Inquietado sobre "como é que se pode aprender tanto sobre a economia e tão pouco sobre a natureza", Natan revela que o começo deste projeto não teve que ver com a paixão pelo "mundo dos cogumelos", nem pelo café - até porque antes disto "nem sequer bebia", apesar de agora se ter tornado num consumidor assíduo - e foi antes movido pela profunda crença na economia circular.
Mas o é que a borra de café tem afinal a ver com a produção de cogumelos? Natan explica: "Nós aproveitamos um desperdício local, neste caso a borra de café, transformamos em cogumelos e fertilizantes. É super simples o processo porque pouca gente sabe que quando se faz um café, aproveita-se apenas 1 ou 2% da biomassa total do café, o que quer dizer que o café ainda tem muitos nutrientes, portanto é um substrato para os cogumelos."
O criador da Nãm adianta ainda que, como o café é servido quente, "o calor mata as bactérias", pelo que o produto fica automaticamente limpo de todas as impurezas.
"Nós achamos a borra de café um desperdício porque nós inventamos o conceito de desperdício, porque isso na natureza não existe. Fomos nós que decidimos que era um desperdício, mas, no fundo, pode ser um recurso, podemos integrar na economia e é isso que nós fazemos", sublinha.
Natan fala num "grave problema ecológico" e considera que o "maior desafio que a humanidade enfrenta neste momento é conseguir conciliar a economia e a ecologia", mas este defende que uma não impede a outra, muito pelo contrário.
"Nós muitas vezes dizemos: 'Se tu queres criar emprego, tens de destruir a natureza porque tens de construir uma fábrica. Mas se quiseres proteger a natureza não vais criar esses empregos, então vais destruir a economia'. Tentar juntar estas duas coisas foi um pouco o que me fez começar a Nãm", esclarece.

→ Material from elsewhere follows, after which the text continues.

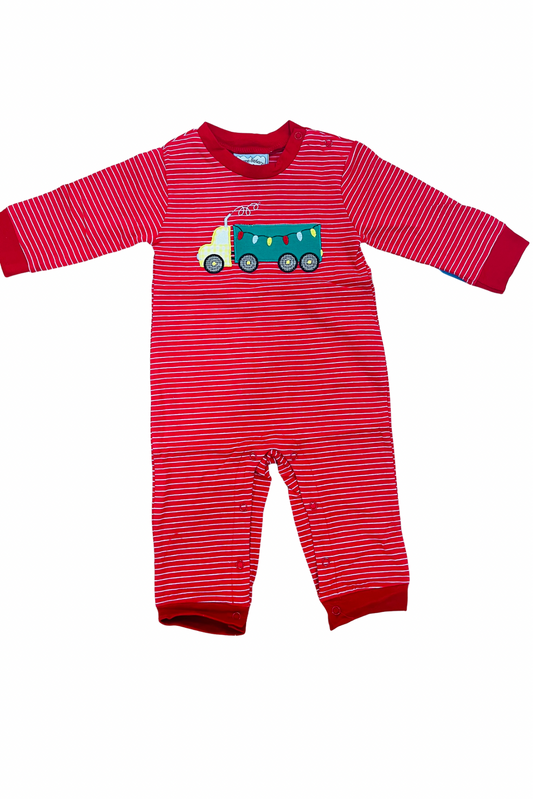 Christmas Lights Boys Romper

A presença desta nova banca no Super Bock Super Rock surgiu através de uma proposta de uma amiga de Natan, que trabalha no festival, e o desafiou a "vir recolher a borra do café, para trazer um pouco da sustentabilidade" à Herdade do Cabeço da Flauta.
Apesar de ser a primeira vez que pisam um festival e cozinham os cogumelos - porque normalmente só os distribuem -, Natan revela que o feedback dos festivaleiros sobre "a receita e a comida" tem sido muito positivo e "isso é fixe".

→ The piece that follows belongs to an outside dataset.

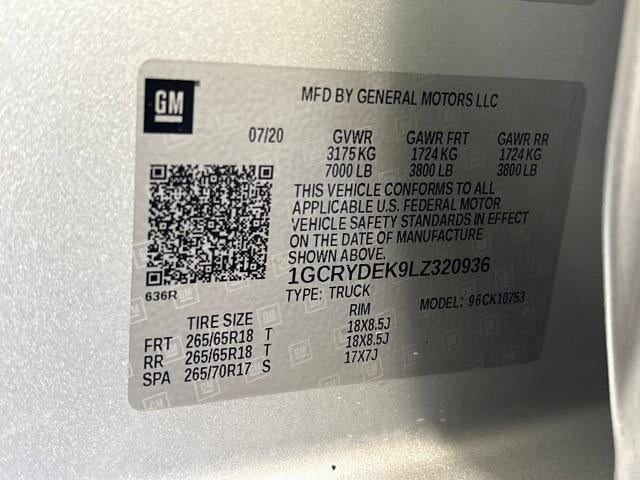 2020 Chevrolet Silverado 1500 LT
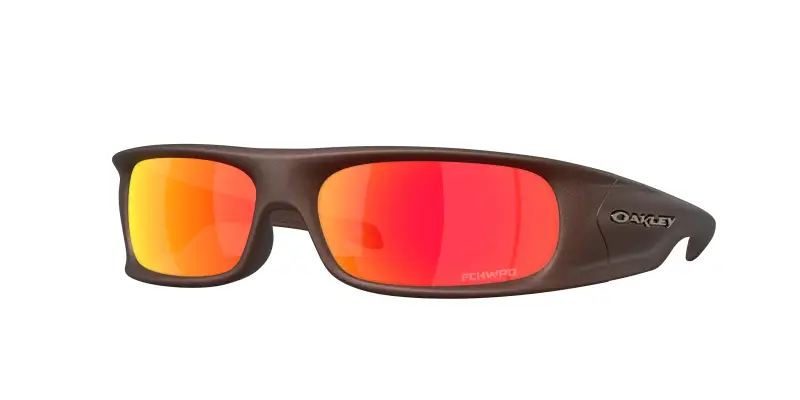 Unisex Oakley OO9522 HIGHLAND 952206 Occhiali da sole O_Matter Marrone Rosso Squadrata Normale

"Se correr bem, estamos abertos a fazer outras parcerias também", avança.
A arca que expõe os cogumelos em crescimento é um dos fatores atrativos da banca, que atrai os mais curiosos. Esta era a intenção de Natan que afirma que "poucas pessoas veem a agricultura" e, por isso, que lembrar os legumes e fungos, como os cogumelos, "vêm da terra".
"Por isso é que nós cultivamos dentro da cidade, para trazer este conhecimento para dentro da urbe e ver os cogumelos a crescer foi o que atraiu mais a atenção das pessoas", afirma.
A Nãm Mushrooms tem uma parceria com a Delta e recolhe a borra de café na cidade de Lisboa e de Cascais, que depois é transportada para uma "pequena fábrica em Odivelas", onde é misturada com "um pouco de palha e com as sementes do cogumelo, que se chamam micélio". A partir daqui, o processo dura cerca de "um mês a um mês e meio" até que o micélio comece "a colonizar todo o substrato, que no início fica preto e depois começa a ficar mais branco, fazendo nascer lindos cogumelos".
"Nós temos duas quintas urbanas, temos uma fábrica onde nós fazemos o substrato, depois mandamos esse substrato para a nossa quinta urbana em Marvila e em Cascais", conta.
Quando prontos, os cogumelos são finalmente vendidos "apenas à restauração local, para ser o mais local possível" e "todo o desperdício da produção, porque, infelizmente, o cogumelo não vai transformar toda a borra (uma parte da borra ainda vai ficar - mas vai ser mais rica ainda em nutrientes porque o cogumelo cresceu e criou muito valor ali também) é tratado pela Câmara Municipal de Lisboa, que vem recolher este fertilizante e usa isso nas hortas e viveiros" da cidade.